Wednesday, March 17, 2021              (today’s lectionary)

 

St. Patrick’s Day in the morning

Come out! Show yourselves! You shall find pasture, you shall not hunger or thirst. God will guide you beside springs of water, and cut a road through all the mountains.

The green picture book drew me right in. His family ignored Jamie and his Irish setter Nell on the last St. Patrick’s Day. Jamie was too small. Nell was too old. So this year Jamie took matters into his own hands. Early in the morning he and Nell would climb Acorn Hill, which his mother says he CANNOT do. The dancing and the parties will begin soon, all atop Acorn Hill.

As they walked Jamie played his flute.

Sing out, O heavens and rejoice, O earth. Break forth in song you mountains, for the Lord comforts his people. “I will never forget you,” says the Lord.

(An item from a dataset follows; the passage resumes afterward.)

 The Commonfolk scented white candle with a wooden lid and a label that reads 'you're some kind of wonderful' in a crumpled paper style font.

Along the way Jamie collects a flag, an egg, a bottle of ginger ale, a bun with cherry on top … and Nell got two jelly beans.

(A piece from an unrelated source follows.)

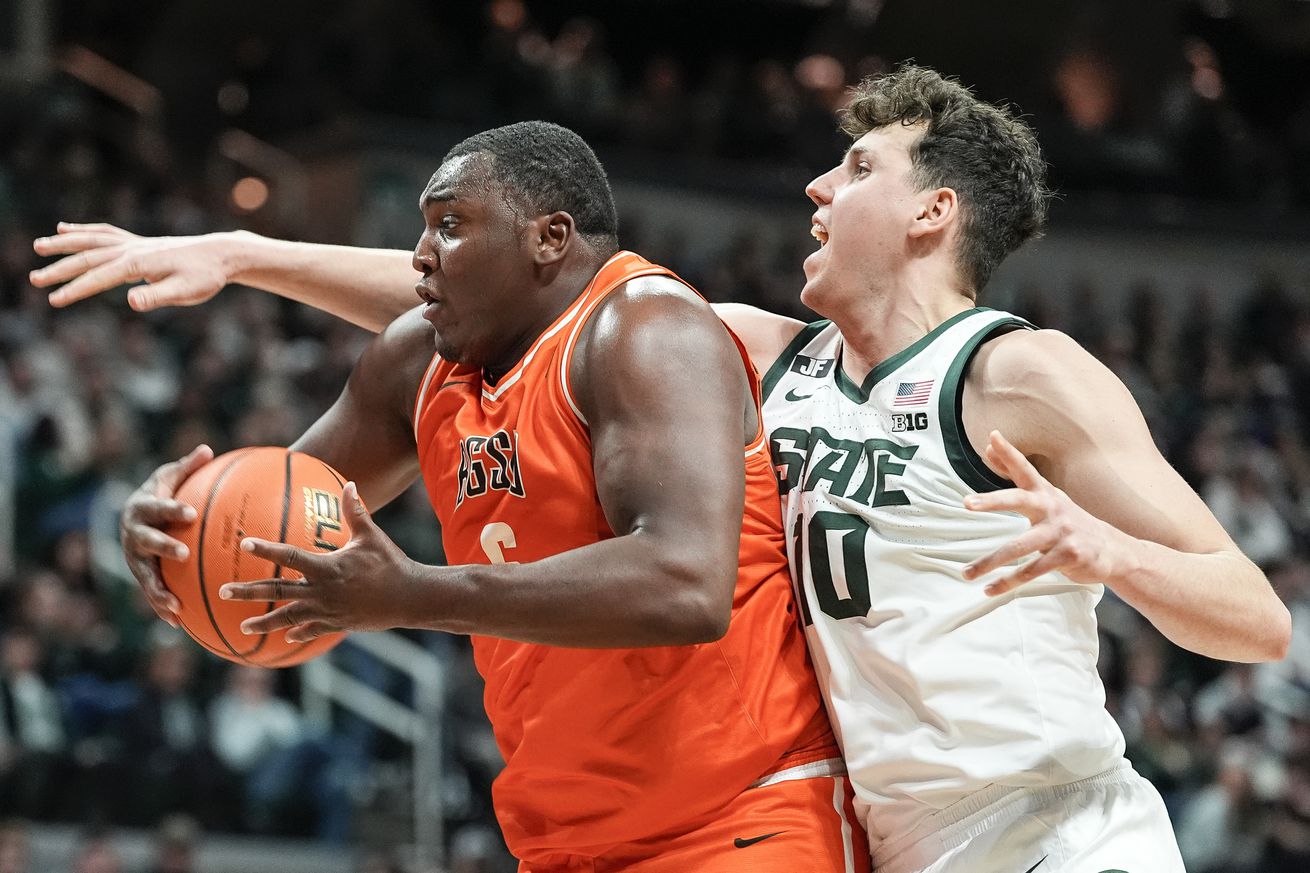 Nov 16, 2024; East Lansing, Michigan, USA; Bowling Green Falcons forward Marcus Johnson (6) grabs a rebound against Michigan State Spartans center Szymon Zapala (10) during the first half at Breslin Center.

They reached the top in the face of all the words they’d heard about CAN’T. They celebrated. They sat down with their bottle.

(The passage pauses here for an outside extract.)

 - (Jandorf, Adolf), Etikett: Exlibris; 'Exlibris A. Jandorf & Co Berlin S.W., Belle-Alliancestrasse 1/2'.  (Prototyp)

Jamie took the cap off his ginger ale and drank. He poured some in his hand for Nell.

“And all of ‘em were sayin’ I was too small,” he said. What do THEY know?”

The sun jumped up like a firecracker from behind the mountain.

“A happy St. Pat’s to you, sun” Jamie shouted. The words made a great shimmer of sound in the emptiness.

Jamie stuck the green and yellow flag in the bottle and set in right in the middle of the stage.

“See?” he told Nell. That means we were here first. We did it, no matter what. Now we can go home.”

Our fifth century St. Patrick crossed the sea to return home, and then left again to spread the word of Jesus. Jamie stands heir to the tradition, which might be marked with whisky but is also marked by the spreading of the Gospel, and mostly by doing what cannot be done.

Oh, the music he’d made. They’d not hear the likes of it all day. And wait till they saw the flag! The mystery of it. The wonderin’ there’d be.

We found corned beef brisket at Evansville’s Dewig Meats, where we picked up our butchered half a beef. Of course they were also selling heads of cabbage.

My Father is at work until now, so I am also at work.

Add some celery seeds, a little fennel and as much nutmeg as you have patience to chip off the old block. Braise the cabbage in two sticks of butter, add some onions and the corned beef, boil a substantial pot of potatoes, and there’s your St. Patrick’s Day feast. I made this meal for Mom, who loves the holiday and the food. She breathed in the aroma and ate far more than was good for her. Well, maybe that was just fine, this one time.

The Lord is gracious and merciful, slow to anger and of great kindness. The Lord is good to all and compassionate toward all his works.

Irish eyes are smiling on us today. And we are blessed on the high road, and blessed on the low road. St. Patrick rests peacefully in his grave, as the wars of religion and land are still for a moment and Ireland turns to celebration. God’s Celts cannot help but be happy.